The provisions issued by the DPCM may be subject to restrictive review at any time but, after 15 days of their enactment and after examination of the results obtained, it will also be possible to move into less rigid bands for those regions that will have a markedly improved epidemiological situation. Yesterday, the Ministry of Health issued a new ordinance, resulting from the worsening situation in some "yellow" areas: Abruzzo, Umbria, Basilicata, Liguria and Tuscany pass in the "orange" zone. Particular attention for Campania, where a strong institutional clash between the Region, mayors and central government, is causing widespread misgivings, especially in view of the explosive health situation of campanian hospitals.

Taking into account the risk factors and especially the existing medical facilities, the region, according to many, should be immediately included in the red zone but the protests of the population and especially of the workers, will not make this decision easy. It is news today that Tuscany and Campania have passed to the red zone! The government is trying, using all possible aid from Europe, to meet the needs of those in economic crisis due to the pandemic: grants, blocking redundancies, suspension of taxes, redundancy fund, are just some of them.

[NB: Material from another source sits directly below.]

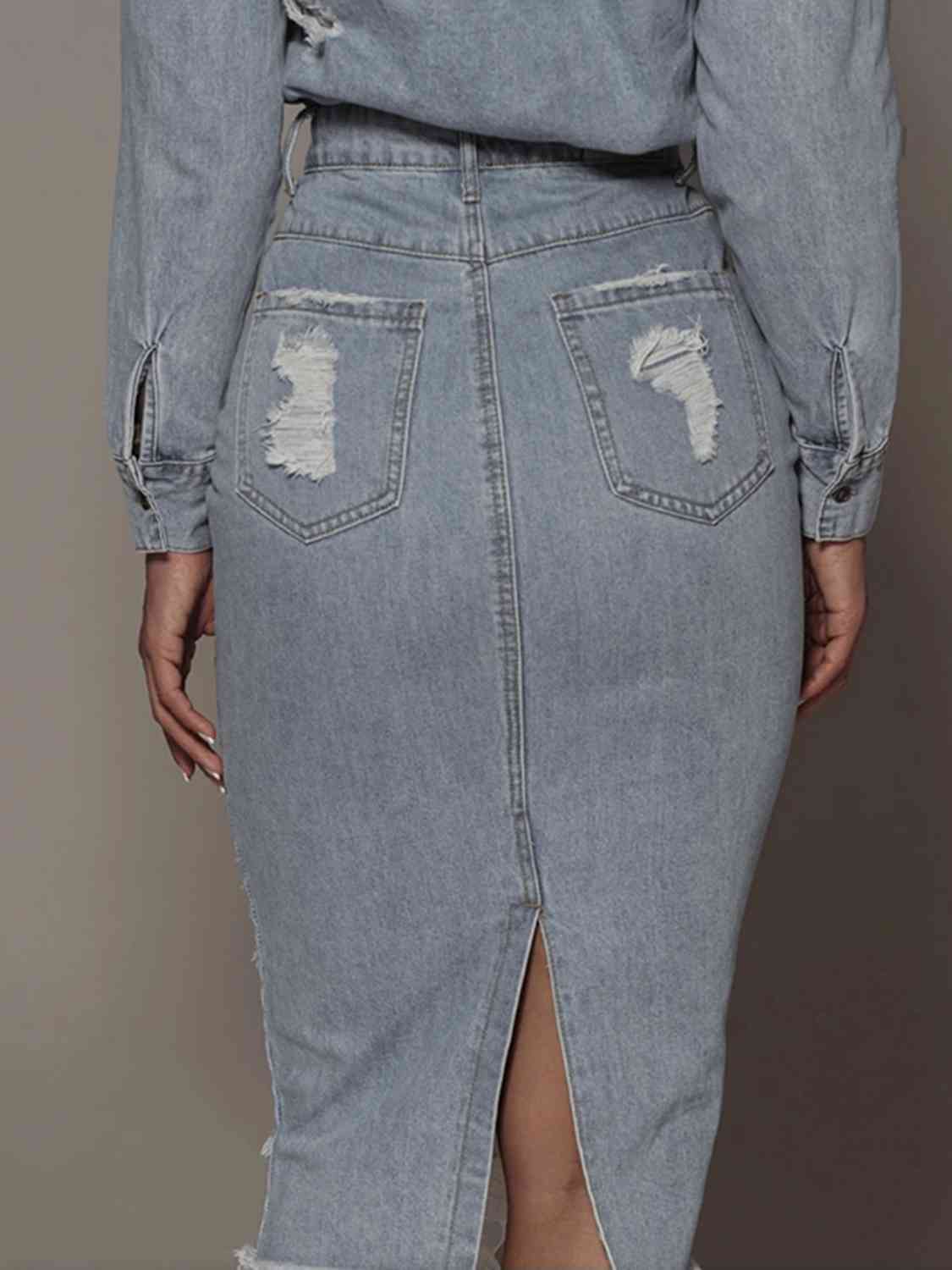 Distressed Cowgirl - Denim Skirt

By continuing to monitor the situation of the epidemic on a daily basis and to make the appropriate changes to the restrictions imposed, the government is trying to bring the situation to normalization and decreased risks in order to allow the population a Christmas if not "normal" at least a little less harsh than might be feared. All this, of course, waiting for the vaccine to arrive. But do people welcome these restrictions? How do 'deniers' present themselves with rules contrary to their absurd ideas? And above all: will the State, with the police, be able to enforce the rules by all? In the next few days we will be examining some regions of the three bands to see how the situation will develop.